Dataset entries

┏━━

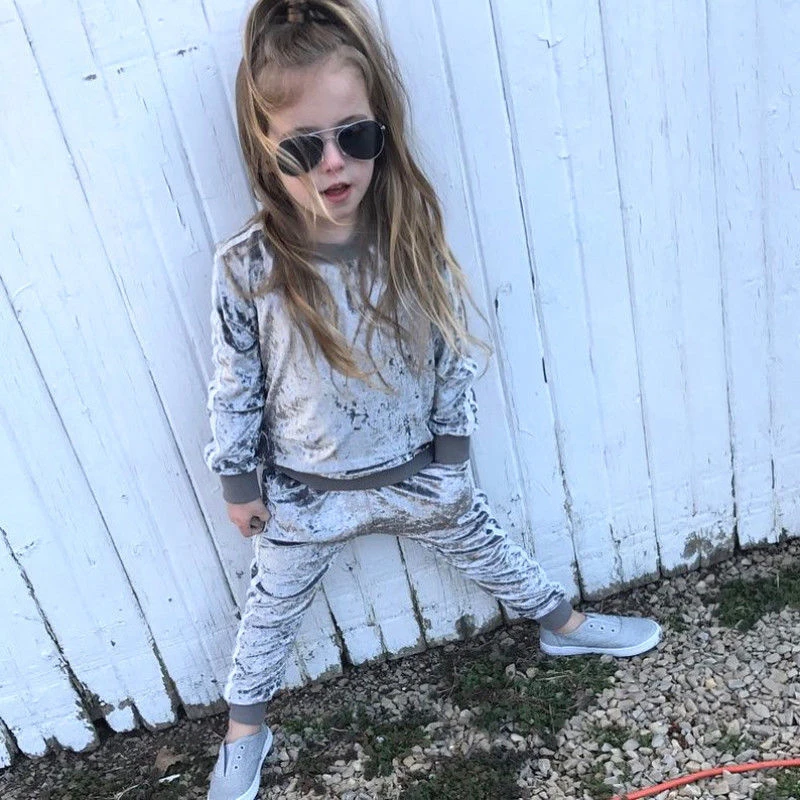 2019 two pieces of European and American girls spring autumn striped sports suit including children golden fleece sweate pant | Детская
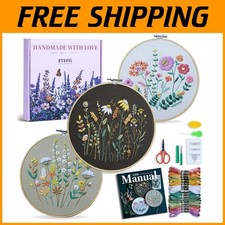 Beginner's Flower Embroidery Kit - 3 Pack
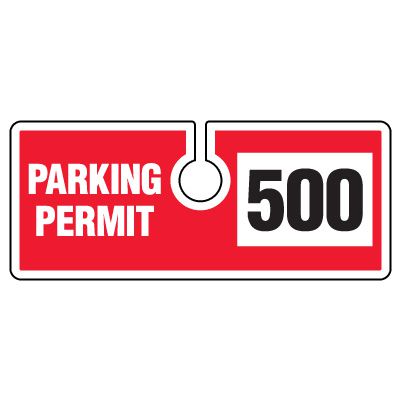 Hanging Parking Permit 2" H x 4 3/4" W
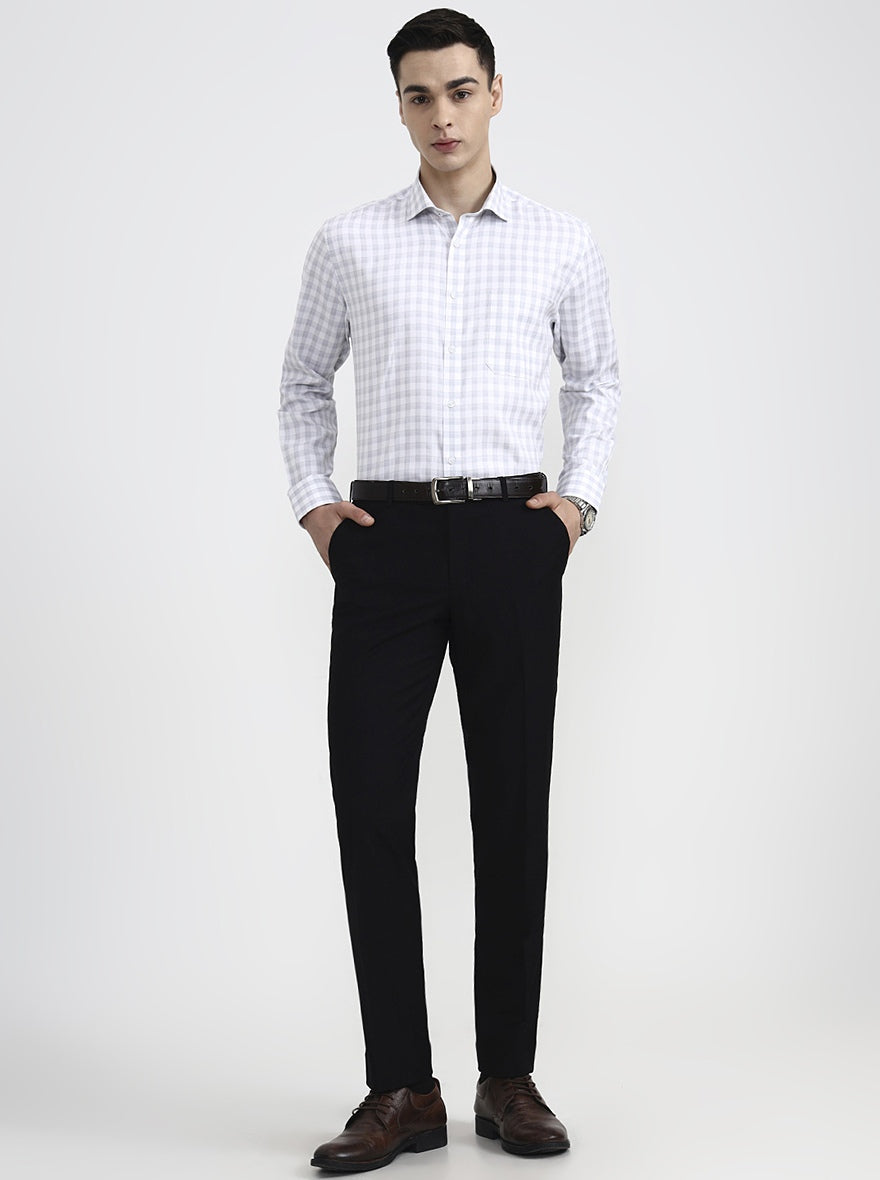 White & Grey Checked Regular Fit Formal Shirt | Greenfibre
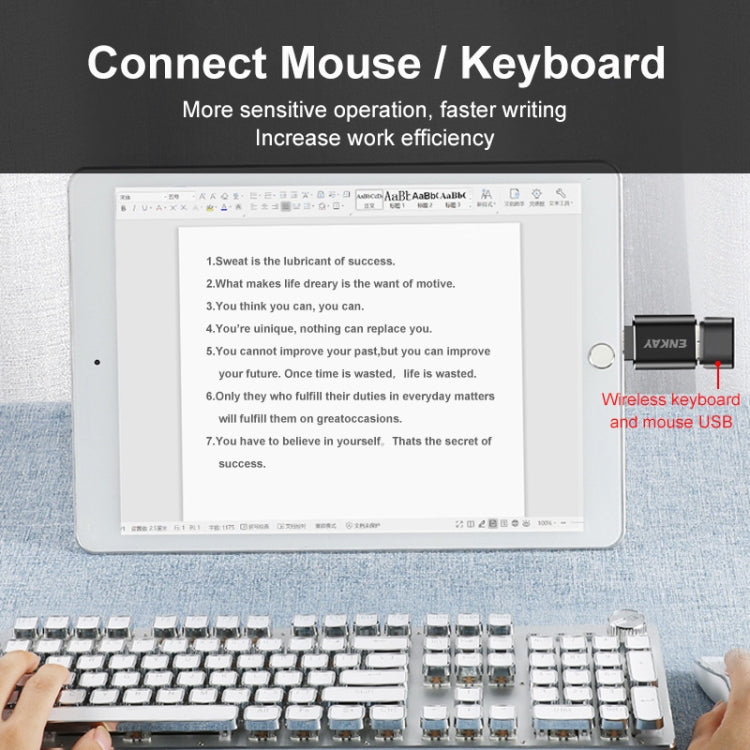 ENKAY ENK-AT110 8 Pin Stecker zu USB 3.0 Buchse Aluminiumlegierung OTG Adapter, ENK-AT110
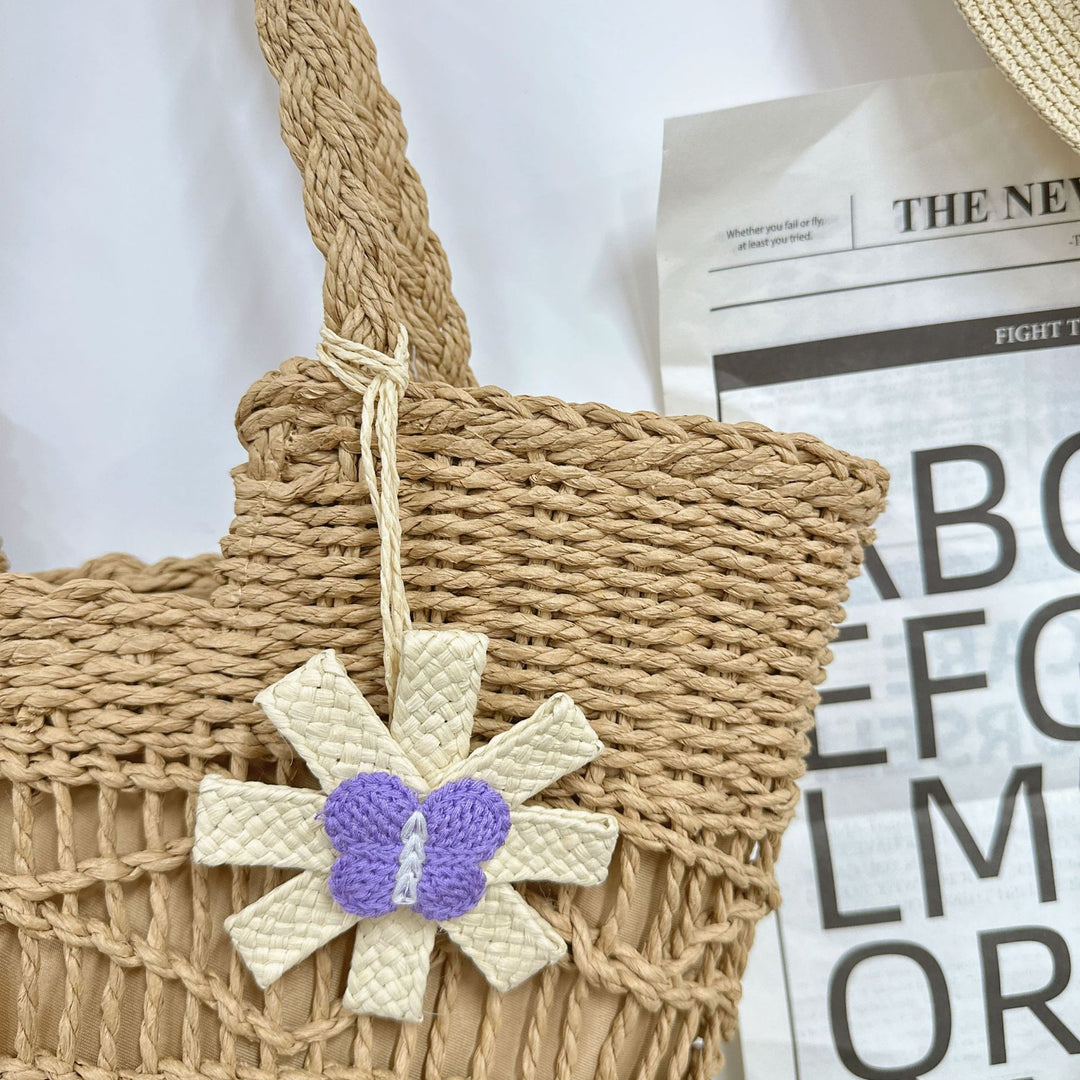 Handbag with Artistic Flower Motif Bowlift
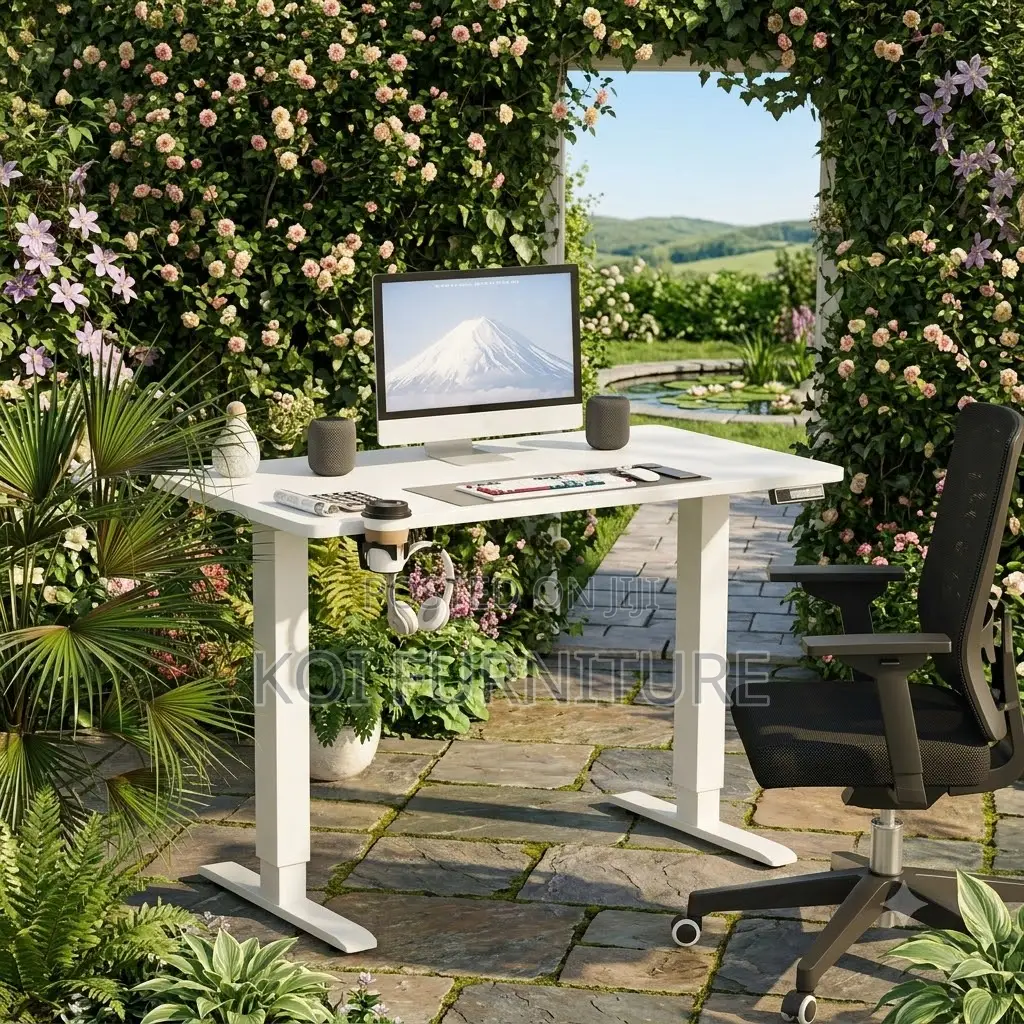 Office Desk; 1400mm White Electric Adjustable Home Office Desk
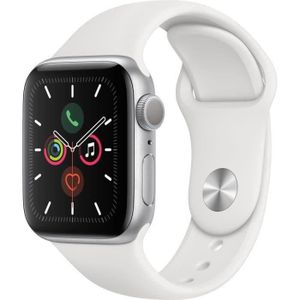 MONTRE CONNECTÉE Apple Watch Series 5 GPS 40 mm Boîtier aluminium Argent - Bracelet Blanc - S/M (2019) - Reconditionné - Excellent état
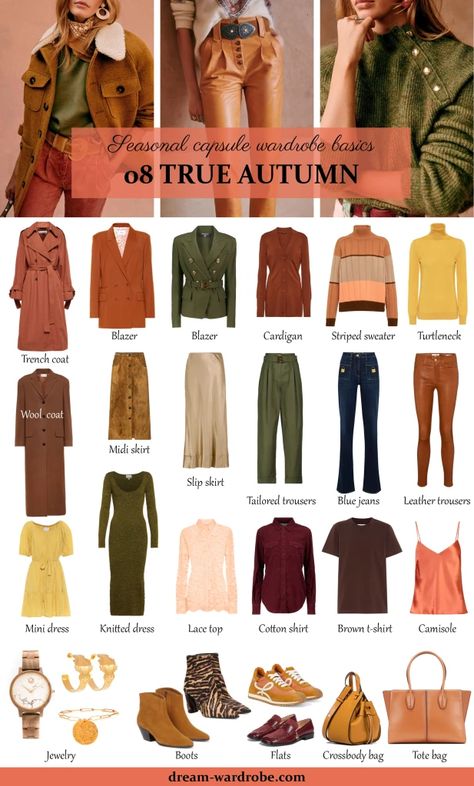 Warm (True) Autumn Color Palette and Wardrobe Guide | Dream Wardrobe Autumn Palette Colors Clothes, Autumn Outfit Colors, Cool Autumn Color Palette Outfits, Autumn Season Outfits For Women, Autumn Colours 2023, Classic Autumn Palette, Redhead Color Palette Clothes, Autumn Colour Season Outfits, Autumn Season Color Palette Outfits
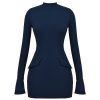 Navy Fluted Cuffs Long Sleeve Bodycon Mini Dress Navy Fluted Cuffs Long Sleeve Bodycon Mini Dress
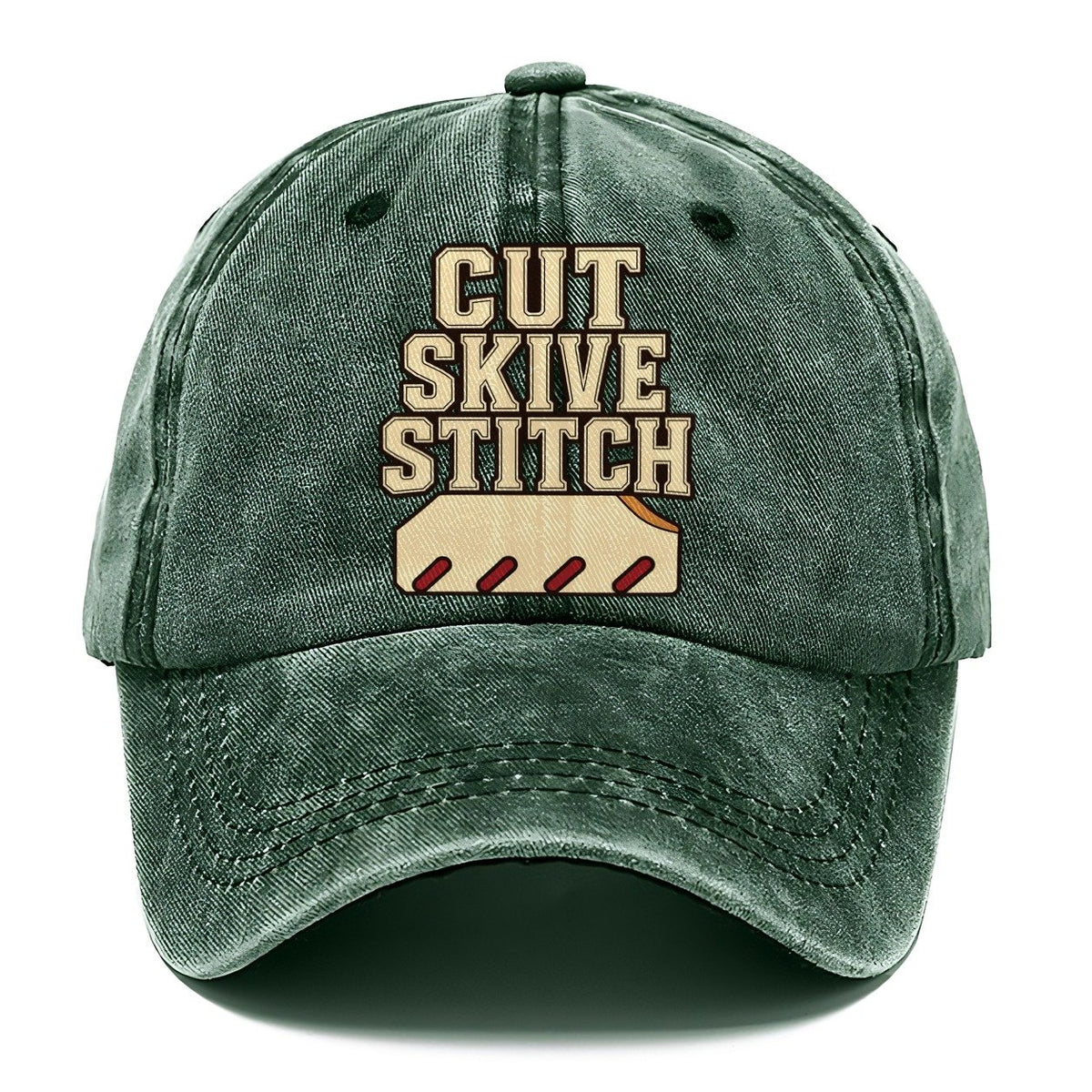 Cut Skive Stitch Leathercraft Classic Cap – Forest Mist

┗━━

**Work request**.
Using the records above, reproduce exactly the lines from the line containing "Beginner's Flower Embroidery Kit - 3 Pack" through the last line, with both ends kept and no pictures.

**Response to this task**.
 Beginner's Flower Embroidery Kit - 3 Pack
 Hanging Parking Permit 2" H x 4 3/4" W
 White & Grey Checked Regular Fit Formal Shirt | Greenfibre
 ENKAY ENK-AT110 8 Pin Stecker zu USB 3.0 Buchse Aluminiumlegierung OTG Adapter, ENK-AT110
 Handbag with Artistic Flower Motif Bowlift
 Office Desk; 1400mm White Electric Adjustable Home Office Desk
 MONTRE CONNECTÉE Apple Watch Series 5 GPS 40 mm Boîtier aluminium Argent - Bracelet Blanc - S/M (2019) - Reconditionné - Excellent état
 Warm (True) Autumn Color Palette and Wardrobe Guide | Dream Wardrobe Autumn Palette Colors Clothes, Autumn Outfit Colors, Cool Autumn Color Palette Outfits, Autumn Season Outfits For Women, Autumn Colours 2023, Classic Autumn Palette, Redhead Color Palette Clothes, Autumn Colour Season Outfits, Autumn Season Color Palette Outfits
 Navy Fluted Cuffs Long Sleeve Bodycon Mini Dress Navy Fluted Cuffs Long Sleeve Bodycon Mini Dress
 Cut Skive Stitch Leathercraft Classic Cap – Forest Mist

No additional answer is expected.